Deep learning continues to develop rapidly. Researchers use repetitive programming of related programs to achieve effective deep learning algorithms. In deep learning, only the appropriate model needs to be selected, and the weight parameters of the model area are optimized after training. Chen et al. [18] simulated the evacuation design of buildings in the network model based on deep learning, introduced auxiliary image data prediction training algorithm, tracking sequence prediction training algorithm, and verified that the convolutional neural network model can predict data accuracy of the set. After the image is classified by deep learning, the location of the lesion can be displayed more clearly, and the characteristics of the lesion can be clearly classified. The image segmentation for deep learning in medicine includes convolutional neural network image segmentation and full convolutional neural network image segmentation. Frikel et al. [19] used microburst analysis to illustrate the appearance of artifacts in CT reconstruction images, which proved that deep learning algorithms can reconstruct the structure information of the scan target, and deep learning algorithms can achieve the effect of noise reduction.

5. Conclusion

The e-health equipment HRCT was adopted to diagnose childhood asthma with small airway obstruction. In this study, it was found that, after one month of treatment for children with asthma with small airway obstruction, the indexes related to lung function were significantly higher than those before treatment (), and the FeNO level of children with asthma with small airway obstruction was 35.00 ± 2.11 (ppb) before treatment and 34.12 ± 2.16 (ppb) after treatment.
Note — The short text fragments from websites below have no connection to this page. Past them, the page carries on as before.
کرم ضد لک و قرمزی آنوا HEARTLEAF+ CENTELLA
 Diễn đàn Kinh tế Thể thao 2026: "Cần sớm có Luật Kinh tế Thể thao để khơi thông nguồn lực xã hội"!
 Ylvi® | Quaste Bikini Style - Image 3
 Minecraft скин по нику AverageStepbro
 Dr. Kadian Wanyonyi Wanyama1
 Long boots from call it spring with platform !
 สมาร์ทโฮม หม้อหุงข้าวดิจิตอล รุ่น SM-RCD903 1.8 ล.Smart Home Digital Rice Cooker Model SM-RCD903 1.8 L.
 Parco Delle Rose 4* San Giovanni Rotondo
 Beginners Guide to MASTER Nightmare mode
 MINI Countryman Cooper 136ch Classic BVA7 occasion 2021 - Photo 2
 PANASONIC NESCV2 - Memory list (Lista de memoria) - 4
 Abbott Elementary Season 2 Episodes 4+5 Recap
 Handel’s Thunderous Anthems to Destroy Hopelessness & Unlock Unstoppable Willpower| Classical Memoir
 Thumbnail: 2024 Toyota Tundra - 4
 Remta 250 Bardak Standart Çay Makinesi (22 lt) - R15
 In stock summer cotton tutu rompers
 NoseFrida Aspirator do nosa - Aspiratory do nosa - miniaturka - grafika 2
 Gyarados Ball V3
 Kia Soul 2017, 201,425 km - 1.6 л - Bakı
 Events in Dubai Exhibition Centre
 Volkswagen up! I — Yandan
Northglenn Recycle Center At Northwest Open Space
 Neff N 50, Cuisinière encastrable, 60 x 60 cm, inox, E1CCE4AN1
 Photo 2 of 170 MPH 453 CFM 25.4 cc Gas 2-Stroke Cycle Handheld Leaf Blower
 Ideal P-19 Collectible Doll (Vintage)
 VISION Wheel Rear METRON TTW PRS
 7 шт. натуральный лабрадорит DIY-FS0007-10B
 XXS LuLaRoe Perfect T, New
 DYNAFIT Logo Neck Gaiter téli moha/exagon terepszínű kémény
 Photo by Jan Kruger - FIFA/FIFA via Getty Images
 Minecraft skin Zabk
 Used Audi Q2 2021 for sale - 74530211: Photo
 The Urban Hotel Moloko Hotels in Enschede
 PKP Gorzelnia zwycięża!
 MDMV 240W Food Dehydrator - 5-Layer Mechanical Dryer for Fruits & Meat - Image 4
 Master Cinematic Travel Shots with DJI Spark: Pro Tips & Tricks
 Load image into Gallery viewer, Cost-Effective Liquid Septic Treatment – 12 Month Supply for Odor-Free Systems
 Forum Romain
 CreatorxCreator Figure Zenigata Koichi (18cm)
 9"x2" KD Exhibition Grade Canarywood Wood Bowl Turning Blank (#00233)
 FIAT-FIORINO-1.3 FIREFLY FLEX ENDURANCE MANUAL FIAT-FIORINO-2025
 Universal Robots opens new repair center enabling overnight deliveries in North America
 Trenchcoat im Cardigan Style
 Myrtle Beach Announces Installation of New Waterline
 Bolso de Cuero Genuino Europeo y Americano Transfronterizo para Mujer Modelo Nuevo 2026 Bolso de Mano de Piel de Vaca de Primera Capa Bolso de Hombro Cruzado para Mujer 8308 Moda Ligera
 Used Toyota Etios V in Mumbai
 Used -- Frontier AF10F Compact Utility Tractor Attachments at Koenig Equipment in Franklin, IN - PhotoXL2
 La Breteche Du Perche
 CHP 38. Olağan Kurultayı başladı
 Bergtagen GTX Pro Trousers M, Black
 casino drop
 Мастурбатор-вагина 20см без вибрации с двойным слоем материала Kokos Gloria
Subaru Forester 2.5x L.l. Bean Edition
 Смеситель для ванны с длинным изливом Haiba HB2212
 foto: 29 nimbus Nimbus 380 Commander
One month after treatment, T/D and WA were 23.38 ± 3.27 (%) and 78.65 ± 13.45 (%), respectively. Overall results showed that oral treatment was superior to aerosol inhalation. However, there are still some shortcomings in this research. For example, the number of samples is limited, and the clinic time and hospital are limited. Only the small airway function in one month after treatment is analyzed, but the long-term efficacy and possible side effects of the drug are not discussed. In the future, it needs to increase the diversity of sample regions and time, and further research on the effect of improving small airway function will be conducted. In short, the results of this study can provide a theoretical basis for the diagnosis and clinical treatment of asthma patients with small airway obstruction.

Data Availability

The data used to support the findings of this study are available from the corresponding author upon request.

Conflicts of Interest

The authors declare no conflicts of interest.